• [PROVIDED MATERIAL]:
=======

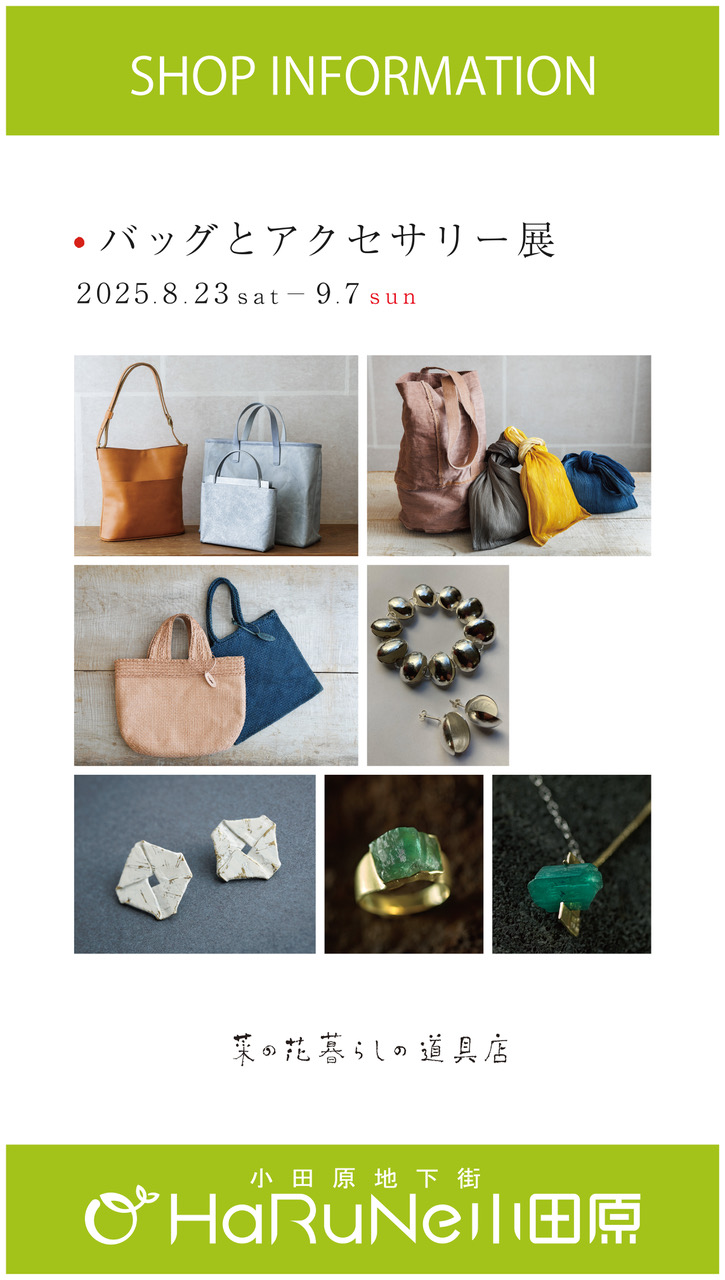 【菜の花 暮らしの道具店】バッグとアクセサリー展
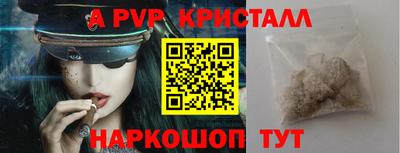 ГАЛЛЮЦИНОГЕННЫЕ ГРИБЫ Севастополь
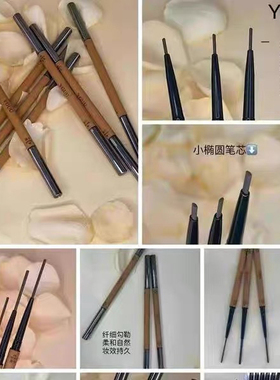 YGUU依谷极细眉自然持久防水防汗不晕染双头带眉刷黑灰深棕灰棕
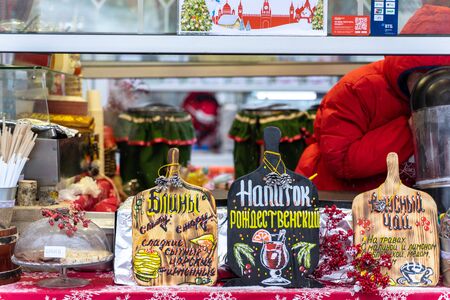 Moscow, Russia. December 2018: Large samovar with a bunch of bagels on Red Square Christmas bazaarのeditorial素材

=======

• [WHAT YOU SHOULD DO]: Could you output the entire listing verbatim while omitting its pictures?

• [TASK OUTPUT]:
 【菜の花 暮らしの道具店】バッグとアクセサリー展
 ГАЛЛЮЦИНОГЕННЫЕ ГРИБЫ Севастополь
 YGUU依谷极细眉自然持久防水防汗不晕染双头带眉刷黑灰深棕灰棕
 Moscow, Russia. December 2018: Large samovar with a bunch of bagels on Red Square Christmas bazaarのeditorial素材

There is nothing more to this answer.